What to do
Set down, word for word, the line with "Planche à découper" and the lines after it through the final line of the data below, without pictures.

Start of Provided data

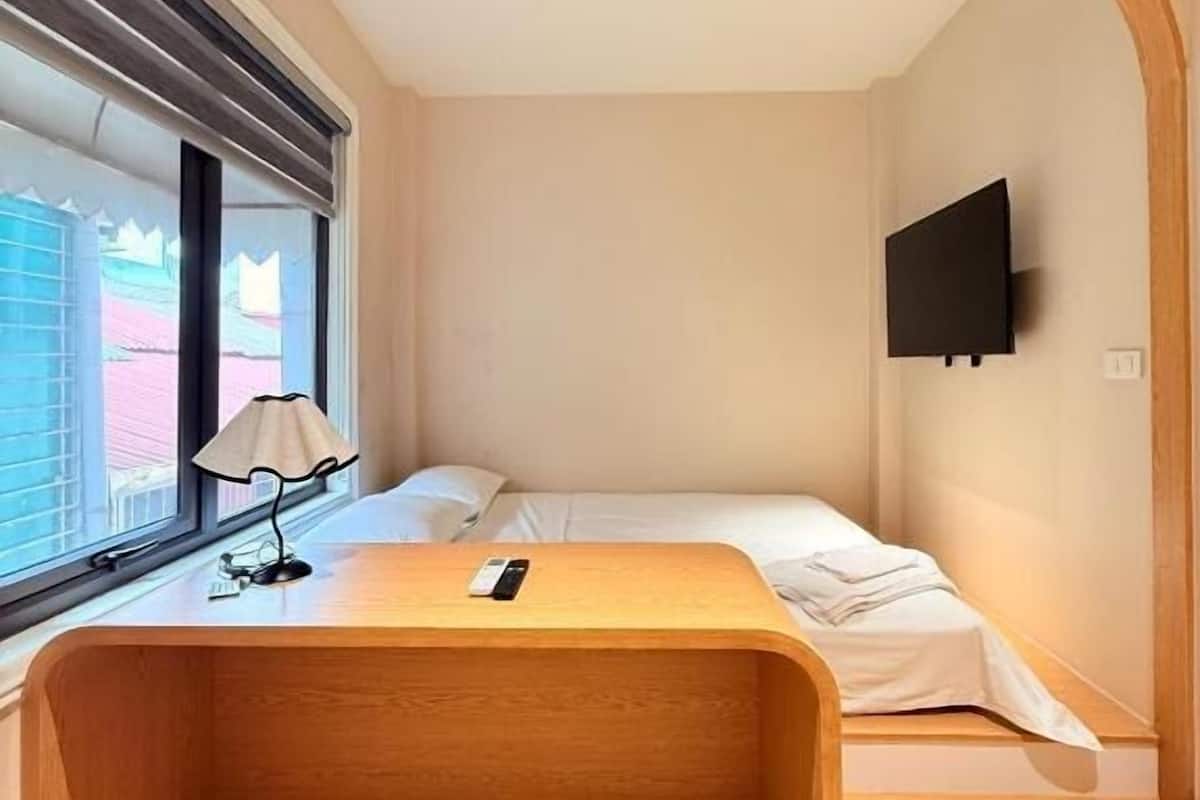 Classic-Doppelzimmer, Terrasse, Stadtblick | Zimmersafe, Schreibtisch, laptopgeeigneter Arbeitsplatz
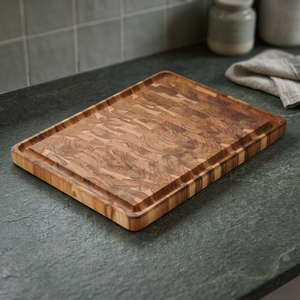 Planche à découper rectangulaire durable en bois BS INTERNATIONAL Handicrafts, 1,5 cm d'épaisseur, lavable au lave-vaisselle, fabriquée en Inde, pour la cuisine - Product Image 1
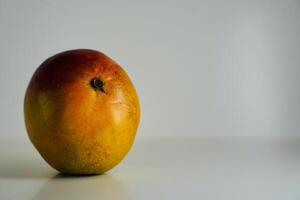 Mango auf das Tabelle foto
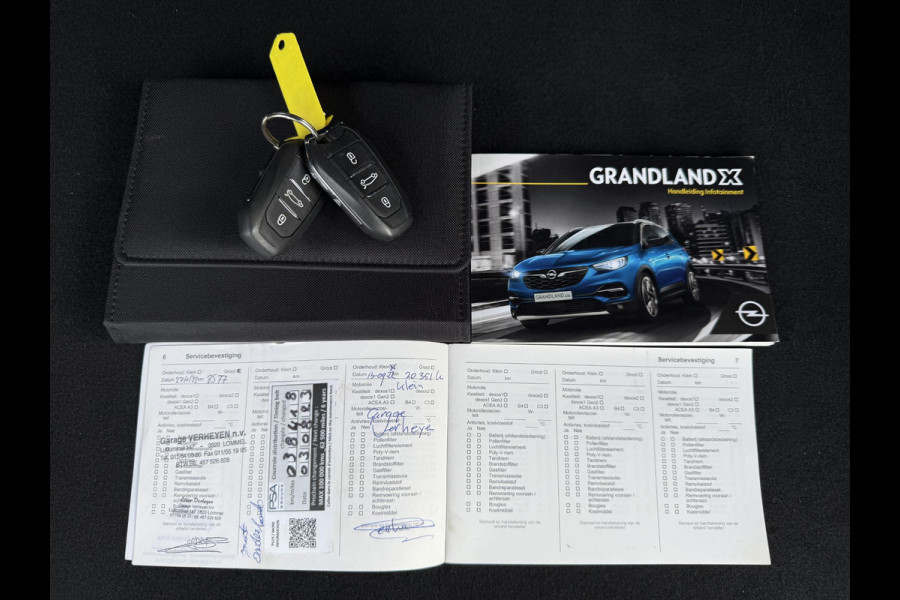 Opel Grandland X 1.2 Turbo Ultimate 1e Eigenaar,Navi,Clima,Cruise,Camera,Trekhaak,D riem v.v. bij 38.000 km,Apple Carplay,Stoelverwarming,6 Bak,131pk,APK tot 01-2026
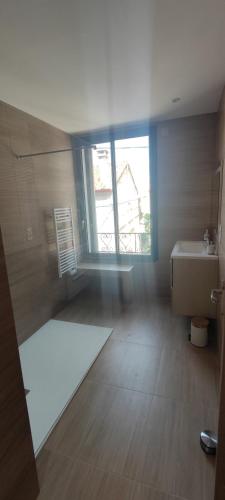une salle de bain avec un lavabo et des toilettes et une fenêtre dans l'établissement Appartement au centre du monde selon Dali, à Perpignan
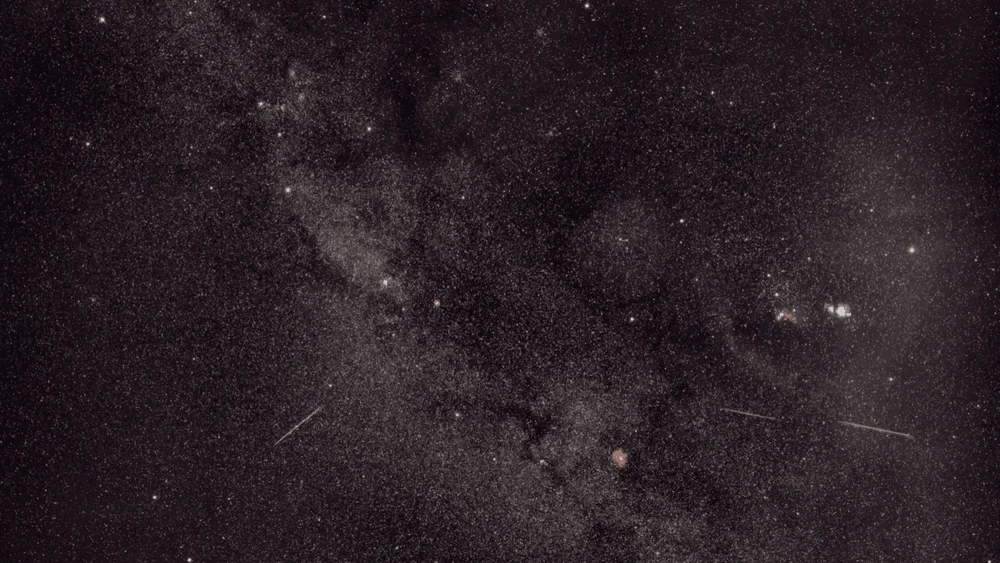 Foto impressionante registra meteoros do cometa Halley cruzando céu estrelado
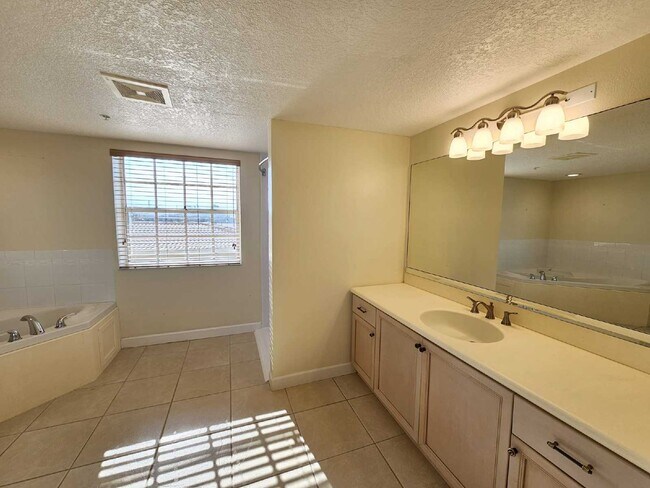 Building Photo - Seaside Serenity Awaits: Spacious 3-Bedroo...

End of Provided data

Answer box
 Planche à découper rectangulaire durable en bois BS INTERNATIONAL Handicrafts, 1,5 cm d'épaisseur, lavable au lave-vaisselle, fabriquée en Inde, pour la cuisine - Product Image 1
 Mango auf das Tabelle foto
 Opel Grandland X 1.2 Turbo Ultimate 1e Eigenaar,Navi,Clima,Cruise,Camera,Trekhaak,D riem v.v. bij 38.000 km,Apple Carplay,Stoelverwarming,6 Bak,131pk,APK tot 01-2026
une salle de bain avec un lavabo et des toilettes et une fenêtre dans l'établissement Appartement au centre du monde selon Dali, à Perpignan
 Foto impressionante registra meteoros do cometa Halley cruzando céu estrelado
 Building Photo - Seaside Serenity Awaits: Spacious 3-Bedroo...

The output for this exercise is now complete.